Short text fragments from websites:

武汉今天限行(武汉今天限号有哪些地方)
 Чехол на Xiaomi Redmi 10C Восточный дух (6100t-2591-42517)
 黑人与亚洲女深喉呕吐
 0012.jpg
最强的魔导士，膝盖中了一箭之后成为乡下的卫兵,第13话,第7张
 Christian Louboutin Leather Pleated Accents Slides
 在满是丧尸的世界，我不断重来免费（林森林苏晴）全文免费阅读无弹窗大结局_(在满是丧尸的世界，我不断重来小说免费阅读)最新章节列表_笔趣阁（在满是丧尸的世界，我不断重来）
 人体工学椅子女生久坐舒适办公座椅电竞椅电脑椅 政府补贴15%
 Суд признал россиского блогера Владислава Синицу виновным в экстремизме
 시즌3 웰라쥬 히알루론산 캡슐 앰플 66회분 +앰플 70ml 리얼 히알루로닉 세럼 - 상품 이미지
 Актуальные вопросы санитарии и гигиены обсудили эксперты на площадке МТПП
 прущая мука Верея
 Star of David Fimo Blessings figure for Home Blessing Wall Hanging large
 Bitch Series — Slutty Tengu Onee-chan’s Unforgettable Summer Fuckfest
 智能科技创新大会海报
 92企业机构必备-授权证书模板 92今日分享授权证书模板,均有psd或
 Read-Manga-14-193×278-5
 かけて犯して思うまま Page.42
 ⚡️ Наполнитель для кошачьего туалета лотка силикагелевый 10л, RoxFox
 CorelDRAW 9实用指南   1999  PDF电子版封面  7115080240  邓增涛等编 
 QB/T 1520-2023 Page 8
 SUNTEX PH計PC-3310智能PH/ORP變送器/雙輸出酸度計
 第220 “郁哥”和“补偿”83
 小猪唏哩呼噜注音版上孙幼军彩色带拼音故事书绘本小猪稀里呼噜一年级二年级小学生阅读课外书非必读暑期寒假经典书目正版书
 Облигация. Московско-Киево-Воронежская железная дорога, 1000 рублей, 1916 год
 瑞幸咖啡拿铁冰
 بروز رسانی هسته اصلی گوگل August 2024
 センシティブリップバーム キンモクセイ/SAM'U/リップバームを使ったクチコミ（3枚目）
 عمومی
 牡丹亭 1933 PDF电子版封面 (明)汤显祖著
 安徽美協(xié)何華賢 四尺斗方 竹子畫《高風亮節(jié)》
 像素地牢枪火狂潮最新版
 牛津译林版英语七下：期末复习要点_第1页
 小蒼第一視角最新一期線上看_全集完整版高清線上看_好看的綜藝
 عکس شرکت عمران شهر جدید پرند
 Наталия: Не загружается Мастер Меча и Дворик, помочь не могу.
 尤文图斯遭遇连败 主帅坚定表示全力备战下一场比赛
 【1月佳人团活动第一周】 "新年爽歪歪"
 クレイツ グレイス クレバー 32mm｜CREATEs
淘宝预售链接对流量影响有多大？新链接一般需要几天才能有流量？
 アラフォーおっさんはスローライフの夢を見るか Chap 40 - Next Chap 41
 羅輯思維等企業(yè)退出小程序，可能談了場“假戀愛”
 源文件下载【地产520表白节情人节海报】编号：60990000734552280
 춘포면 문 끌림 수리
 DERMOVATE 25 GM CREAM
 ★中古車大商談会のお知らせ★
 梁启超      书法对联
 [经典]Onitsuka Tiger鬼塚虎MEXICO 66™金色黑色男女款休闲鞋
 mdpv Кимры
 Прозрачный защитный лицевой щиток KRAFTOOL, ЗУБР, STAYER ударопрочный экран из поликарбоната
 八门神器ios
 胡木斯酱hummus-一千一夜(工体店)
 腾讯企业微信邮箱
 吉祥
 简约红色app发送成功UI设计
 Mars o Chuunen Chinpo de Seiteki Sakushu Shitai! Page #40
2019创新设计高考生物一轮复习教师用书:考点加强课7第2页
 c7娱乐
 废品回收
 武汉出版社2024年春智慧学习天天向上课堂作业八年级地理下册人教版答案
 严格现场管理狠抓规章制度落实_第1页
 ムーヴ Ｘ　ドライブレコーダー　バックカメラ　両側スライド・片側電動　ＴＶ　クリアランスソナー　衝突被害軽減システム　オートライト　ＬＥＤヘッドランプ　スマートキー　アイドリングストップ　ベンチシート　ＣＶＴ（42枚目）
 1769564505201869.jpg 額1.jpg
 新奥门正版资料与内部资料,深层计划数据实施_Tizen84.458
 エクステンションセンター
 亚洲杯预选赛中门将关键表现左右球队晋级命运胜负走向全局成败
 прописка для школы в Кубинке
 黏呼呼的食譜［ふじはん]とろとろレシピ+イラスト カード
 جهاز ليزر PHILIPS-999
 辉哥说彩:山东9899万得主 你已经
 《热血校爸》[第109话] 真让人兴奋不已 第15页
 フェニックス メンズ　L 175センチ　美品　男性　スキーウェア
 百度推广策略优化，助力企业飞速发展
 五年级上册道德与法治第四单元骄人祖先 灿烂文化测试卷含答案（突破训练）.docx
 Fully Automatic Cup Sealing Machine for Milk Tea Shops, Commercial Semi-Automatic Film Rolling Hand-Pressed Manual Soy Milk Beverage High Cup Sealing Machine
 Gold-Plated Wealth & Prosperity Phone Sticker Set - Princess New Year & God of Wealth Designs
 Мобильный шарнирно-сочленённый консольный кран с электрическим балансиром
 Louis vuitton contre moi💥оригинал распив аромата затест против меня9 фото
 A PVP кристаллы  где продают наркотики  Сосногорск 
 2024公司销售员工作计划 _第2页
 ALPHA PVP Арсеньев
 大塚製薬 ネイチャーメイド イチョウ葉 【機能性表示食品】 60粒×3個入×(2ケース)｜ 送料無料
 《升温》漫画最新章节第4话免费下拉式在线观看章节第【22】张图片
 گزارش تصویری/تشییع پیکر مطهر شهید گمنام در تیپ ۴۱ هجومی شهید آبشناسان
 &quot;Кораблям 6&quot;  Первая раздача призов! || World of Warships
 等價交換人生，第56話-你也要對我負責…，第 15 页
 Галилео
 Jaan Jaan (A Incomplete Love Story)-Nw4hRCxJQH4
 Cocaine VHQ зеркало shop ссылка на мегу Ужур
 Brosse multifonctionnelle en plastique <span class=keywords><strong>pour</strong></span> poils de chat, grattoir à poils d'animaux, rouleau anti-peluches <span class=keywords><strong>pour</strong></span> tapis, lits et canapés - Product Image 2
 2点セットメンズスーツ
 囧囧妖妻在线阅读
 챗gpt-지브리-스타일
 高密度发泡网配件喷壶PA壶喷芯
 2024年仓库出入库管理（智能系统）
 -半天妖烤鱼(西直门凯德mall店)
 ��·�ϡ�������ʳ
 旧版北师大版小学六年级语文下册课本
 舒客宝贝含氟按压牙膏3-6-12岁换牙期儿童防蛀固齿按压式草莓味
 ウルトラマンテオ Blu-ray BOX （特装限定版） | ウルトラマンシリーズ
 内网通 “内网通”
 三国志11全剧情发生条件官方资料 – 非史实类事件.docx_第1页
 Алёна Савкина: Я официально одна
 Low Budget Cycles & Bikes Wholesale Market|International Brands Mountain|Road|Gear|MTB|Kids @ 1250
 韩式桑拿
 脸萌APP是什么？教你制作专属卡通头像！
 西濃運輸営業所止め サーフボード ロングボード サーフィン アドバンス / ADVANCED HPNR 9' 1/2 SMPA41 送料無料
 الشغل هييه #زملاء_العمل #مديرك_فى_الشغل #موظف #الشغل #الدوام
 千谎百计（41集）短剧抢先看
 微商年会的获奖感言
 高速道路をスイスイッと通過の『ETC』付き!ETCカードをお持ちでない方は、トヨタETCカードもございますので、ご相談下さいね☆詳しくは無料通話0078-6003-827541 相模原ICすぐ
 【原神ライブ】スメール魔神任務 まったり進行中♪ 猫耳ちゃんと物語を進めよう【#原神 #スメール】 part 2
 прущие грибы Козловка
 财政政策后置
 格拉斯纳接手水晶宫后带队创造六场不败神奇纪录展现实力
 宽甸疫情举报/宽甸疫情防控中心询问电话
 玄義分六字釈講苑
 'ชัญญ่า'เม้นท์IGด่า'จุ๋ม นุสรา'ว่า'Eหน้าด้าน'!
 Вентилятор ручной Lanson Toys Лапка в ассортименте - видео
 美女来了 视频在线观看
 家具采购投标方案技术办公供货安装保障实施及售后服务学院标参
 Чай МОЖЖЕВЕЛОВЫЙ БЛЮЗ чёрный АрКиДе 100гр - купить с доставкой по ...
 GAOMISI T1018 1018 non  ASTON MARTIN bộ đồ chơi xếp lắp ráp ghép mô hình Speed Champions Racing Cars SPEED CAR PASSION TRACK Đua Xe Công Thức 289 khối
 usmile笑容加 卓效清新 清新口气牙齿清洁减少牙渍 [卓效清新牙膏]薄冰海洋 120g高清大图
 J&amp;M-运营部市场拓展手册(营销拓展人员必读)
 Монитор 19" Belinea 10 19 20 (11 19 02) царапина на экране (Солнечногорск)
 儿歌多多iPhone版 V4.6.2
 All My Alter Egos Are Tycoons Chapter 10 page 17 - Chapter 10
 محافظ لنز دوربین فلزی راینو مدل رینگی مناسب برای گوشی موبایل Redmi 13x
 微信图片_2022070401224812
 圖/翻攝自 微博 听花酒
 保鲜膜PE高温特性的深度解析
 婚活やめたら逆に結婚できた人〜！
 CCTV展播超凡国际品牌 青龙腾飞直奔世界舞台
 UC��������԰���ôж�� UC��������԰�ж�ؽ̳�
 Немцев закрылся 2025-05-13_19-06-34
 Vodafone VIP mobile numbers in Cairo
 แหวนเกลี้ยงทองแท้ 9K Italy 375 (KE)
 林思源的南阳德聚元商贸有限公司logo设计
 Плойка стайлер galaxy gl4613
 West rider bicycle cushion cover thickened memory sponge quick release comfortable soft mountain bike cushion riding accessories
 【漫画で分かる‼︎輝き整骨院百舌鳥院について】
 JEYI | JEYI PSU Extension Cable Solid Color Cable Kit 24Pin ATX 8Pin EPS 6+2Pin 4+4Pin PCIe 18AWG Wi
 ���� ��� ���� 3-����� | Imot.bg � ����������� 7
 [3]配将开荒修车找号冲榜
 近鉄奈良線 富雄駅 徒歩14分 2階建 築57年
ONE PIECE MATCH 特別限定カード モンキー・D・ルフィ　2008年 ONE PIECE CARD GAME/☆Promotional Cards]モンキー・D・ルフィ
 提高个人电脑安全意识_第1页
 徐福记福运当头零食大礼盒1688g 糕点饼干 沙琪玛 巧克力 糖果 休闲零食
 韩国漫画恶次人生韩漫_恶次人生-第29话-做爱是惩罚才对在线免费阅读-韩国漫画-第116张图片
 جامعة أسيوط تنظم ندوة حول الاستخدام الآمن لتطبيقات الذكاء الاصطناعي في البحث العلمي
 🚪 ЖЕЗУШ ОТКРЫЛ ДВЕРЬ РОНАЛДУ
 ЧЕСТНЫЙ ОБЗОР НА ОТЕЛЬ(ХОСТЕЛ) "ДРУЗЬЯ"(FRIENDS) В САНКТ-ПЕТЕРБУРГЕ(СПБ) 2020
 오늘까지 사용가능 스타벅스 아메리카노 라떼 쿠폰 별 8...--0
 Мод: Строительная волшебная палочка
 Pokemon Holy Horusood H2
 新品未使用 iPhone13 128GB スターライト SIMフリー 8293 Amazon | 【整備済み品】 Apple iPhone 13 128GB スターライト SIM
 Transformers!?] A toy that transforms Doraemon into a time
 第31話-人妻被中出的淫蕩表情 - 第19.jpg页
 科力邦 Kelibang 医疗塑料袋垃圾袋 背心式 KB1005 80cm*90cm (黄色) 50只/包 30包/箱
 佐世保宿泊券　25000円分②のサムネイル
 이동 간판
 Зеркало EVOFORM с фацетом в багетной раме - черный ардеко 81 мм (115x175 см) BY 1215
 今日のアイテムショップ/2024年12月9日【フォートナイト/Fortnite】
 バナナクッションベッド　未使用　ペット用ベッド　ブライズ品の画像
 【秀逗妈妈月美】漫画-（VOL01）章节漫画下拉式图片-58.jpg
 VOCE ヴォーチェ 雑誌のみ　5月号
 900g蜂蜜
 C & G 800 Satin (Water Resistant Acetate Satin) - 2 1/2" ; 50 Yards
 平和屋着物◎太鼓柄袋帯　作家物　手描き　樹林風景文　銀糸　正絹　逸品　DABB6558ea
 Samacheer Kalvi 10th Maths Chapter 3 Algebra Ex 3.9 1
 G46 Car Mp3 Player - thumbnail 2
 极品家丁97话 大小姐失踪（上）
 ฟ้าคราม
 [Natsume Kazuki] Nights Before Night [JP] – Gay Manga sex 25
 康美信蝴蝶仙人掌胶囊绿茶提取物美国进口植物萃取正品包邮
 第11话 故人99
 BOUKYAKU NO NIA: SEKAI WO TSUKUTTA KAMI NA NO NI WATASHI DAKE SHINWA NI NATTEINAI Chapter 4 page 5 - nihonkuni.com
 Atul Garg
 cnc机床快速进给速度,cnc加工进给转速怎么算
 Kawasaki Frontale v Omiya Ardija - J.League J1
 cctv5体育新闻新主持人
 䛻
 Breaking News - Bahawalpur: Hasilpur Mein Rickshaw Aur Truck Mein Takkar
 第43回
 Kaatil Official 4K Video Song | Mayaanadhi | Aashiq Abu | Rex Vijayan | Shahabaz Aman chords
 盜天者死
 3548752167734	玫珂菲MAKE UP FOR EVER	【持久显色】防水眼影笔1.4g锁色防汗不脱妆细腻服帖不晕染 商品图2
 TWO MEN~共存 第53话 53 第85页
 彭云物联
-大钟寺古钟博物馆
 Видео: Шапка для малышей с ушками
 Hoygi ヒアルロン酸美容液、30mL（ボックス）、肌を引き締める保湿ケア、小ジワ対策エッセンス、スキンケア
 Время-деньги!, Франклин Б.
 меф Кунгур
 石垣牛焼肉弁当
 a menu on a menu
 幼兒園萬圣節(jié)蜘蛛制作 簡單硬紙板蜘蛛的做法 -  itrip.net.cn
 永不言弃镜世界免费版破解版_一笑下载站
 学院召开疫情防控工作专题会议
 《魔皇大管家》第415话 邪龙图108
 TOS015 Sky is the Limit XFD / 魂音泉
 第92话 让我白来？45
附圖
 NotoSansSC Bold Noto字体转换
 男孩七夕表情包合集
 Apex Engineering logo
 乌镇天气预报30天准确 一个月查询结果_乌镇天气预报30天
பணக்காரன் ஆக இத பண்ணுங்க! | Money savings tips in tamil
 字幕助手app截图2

» What you have to do
All lines above from the one containing "All My Alter" to the one containing "[3]配将开荒修车找号冲榜" must be repeated exactly, both lines included, and no others.

» Reply to the task
 All My Alter Egos Are Tycoons Chapter 10 page 17 - Chapter 10
 محافظ لنز دوربین فلزی راینو مدل رینگی مناسب برای گوشی موبایل Redmi 13x
 微信图片_2022070401224812
 圖/翻攝自 微博 听花酒
 保鲜膜PE高温特性的深度解析
 婚活やめたら逆に結婚できた人〜！
 CCTV展播超凡国际品牌 青龙腾飞直奔世界舞台
 UC��������԰���ôж�� UC��������԰�ж�ؽ̳�
 Немцев закрылся 2025-05-13_19-06-34
 Vodafone VIP mobile numbers in Cairo
 แหวนเกลี้ยงทองแท้ 9K Italy 375 (KE)
 林思源的南阳德聚元商贸有限公司logo设计
 Плойка стайлер galaxy gl4613
 West rider bicycle cushion cover thickened memory sponge quick release comfortable soft mountain bike cushion riding accessories
 【漫画で分かる‼︎輝き整骨院百舌鳥院について】
 JEYI | JEYI PSU Extension Cable Solid Color Cable Kit 24Pin ATX 8Pin EPS 6+2Pin 4+4Pin PCIe 18AWG Wi
 ���� ��� ���� 3-����� | Imot.bg � ����������� 7
 [3]配将开荒修车找号冲榜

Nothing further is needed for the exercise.